When preparing to bring our four fabulous guest preachers to Royal Lane, we noticed that all of the suggested proclaimers serve in Methodist congregations. Each of them noted that they had Baptist roots and heritage, but were unable to find ministry positions or places of inclusion in Baptist churches. Although Royal Lane participates in Martha Stearns Marshall Day of Preaching in February every year at the prompting of the Baptist Women in Ministry organization, all four of our preachers do not serve in Baptist congregations. And that has to change. Baptist churches should continue to create ministry positions for women and hire women as pastors. We need more than one Sunday a year to hear from ministry leaders who are women as the story of women in ministry must be preached, taught, and celebrated all the time. Until that day comes, Baptist women will find it difficult to find or remain in ministry roles in their chosen denomination.
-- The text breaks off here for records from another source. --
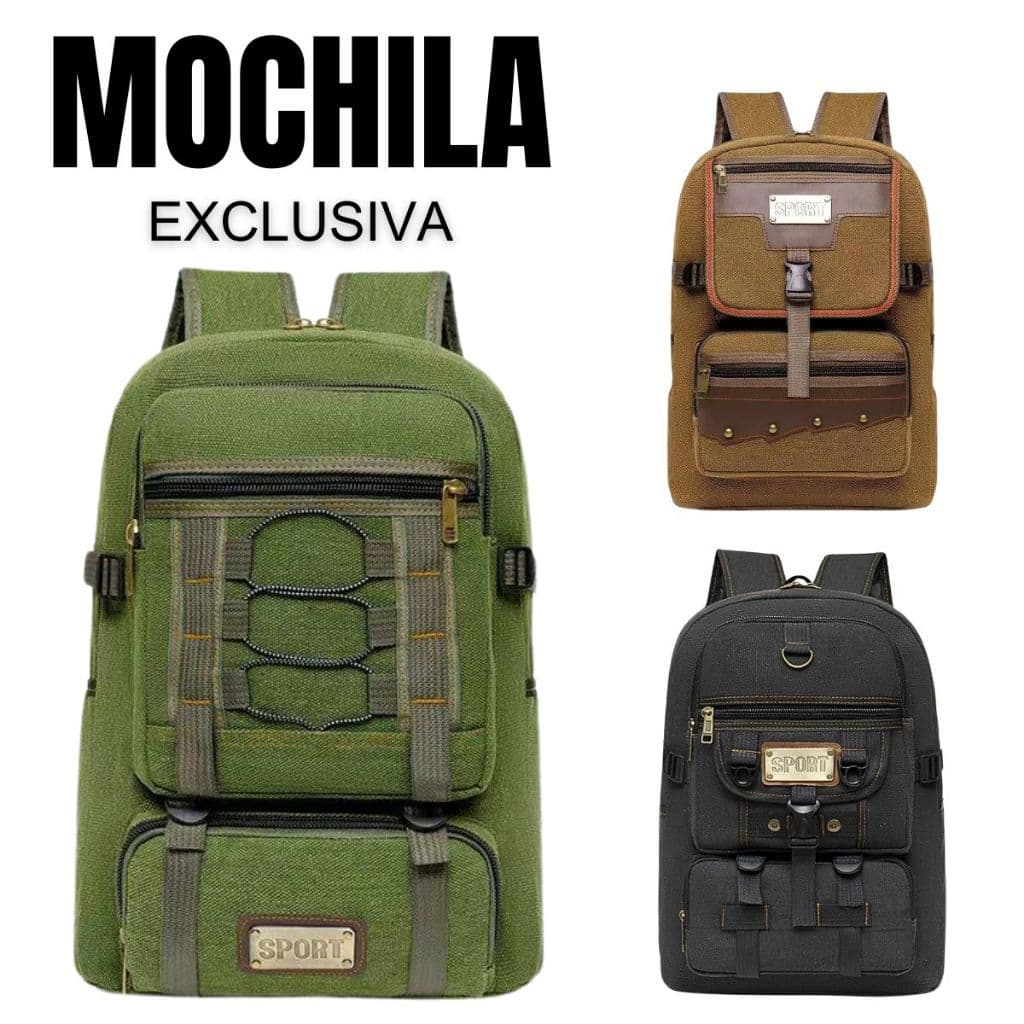 Mochila Lona Média Exclusiva Reforçada Unissex Camping Trabalho Trilha Faculdade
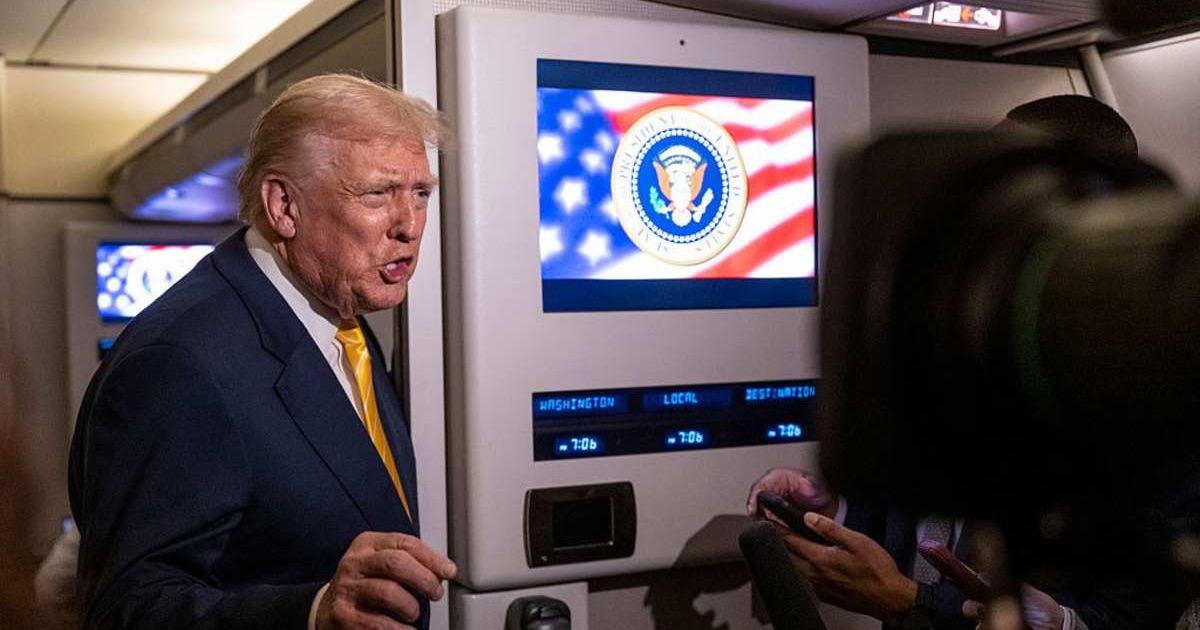 Donald Trump called the BBC edit 'worse than what CBS did with Kamala' while speaking to reporters on board Air Force One on Friday, November 14 (Roberto Schmidt/Getty Images)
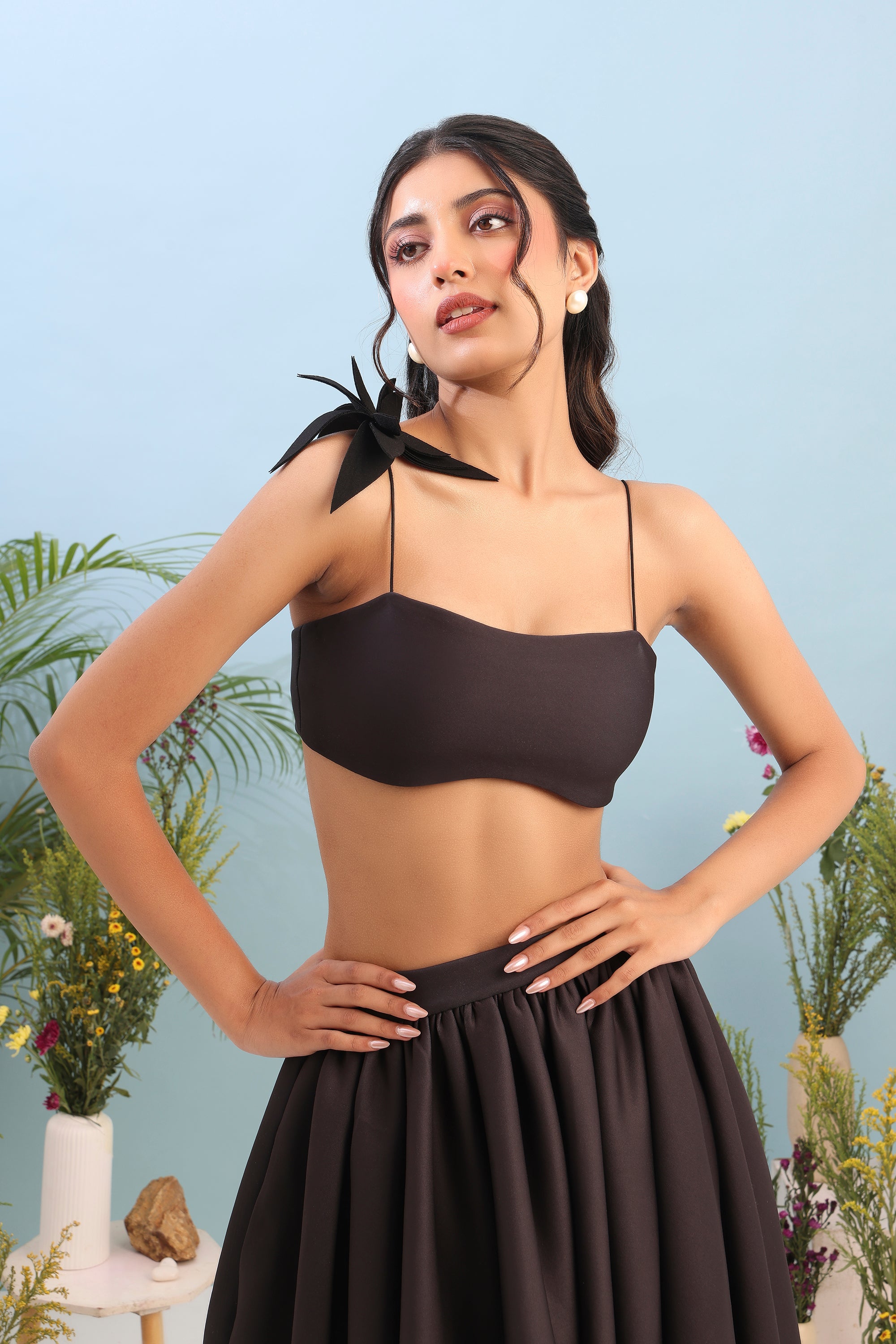 PRINTED SKIRT T=WITH TUBE TOP AND FLOWER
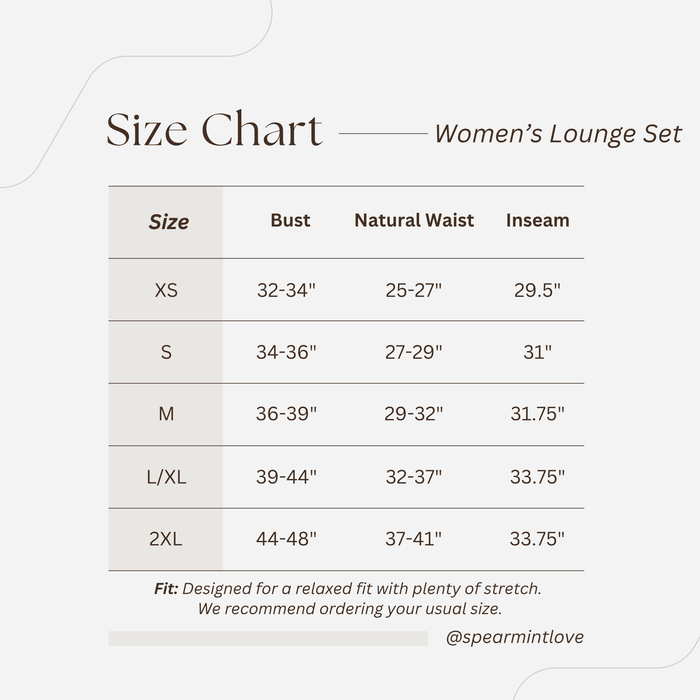 women’s lounge set size chart showing bust, waist, and inseam measurements for XS to 2XL, with fit guidance.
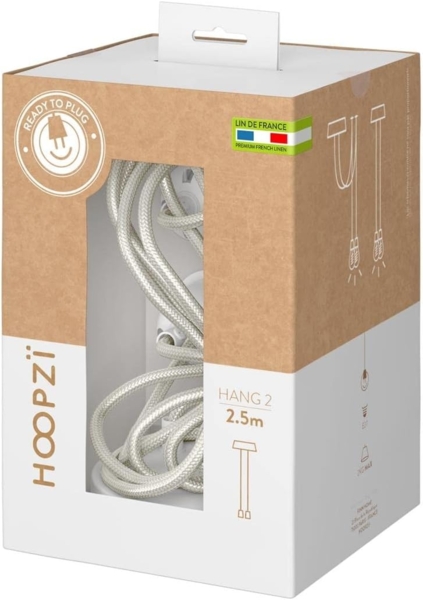 HOOPZI - Pendelleuchte - Hang 2 Flammig - 2,5m Textilkabel Seil - 2 X E27 Fassung - Vintage Retro weiß mit weißer Fassung Bild 6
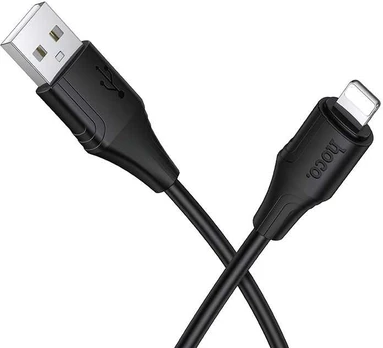 Silikoninis laidas USB A į Lightning Hoco 2,4A 1 m X124 juodas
Rev. Warthen shared an African proverb that rang true for Royal Lane during Women in Ministry month. The proverb says, “Until the story is told by the lion, the story will always glorify the hunter.” It seems that the narrative of men being the primary ordained leaders doesn’t support the powerful story of women and their prominence in the church. It is my hope that by having four women share their journeys of ministry and leadership at Royal Lane, we have not only celebrated women in ministry, but have told the story of the divine and glorified God.
Royal Lane Baptist Church affirms that all people, men and women of all ethnicities, identities, and orientations, have been created and called to serve God and lead God’s people. Women in Ministry Month has reaffirmed for Royal Lane Baptist Church and, I hope, for the city of Dallas that we are all helpers and servants of God and mightily equipped to lead the Church into a new and powerful story, a story which affirms that every month is Women in Ministry month.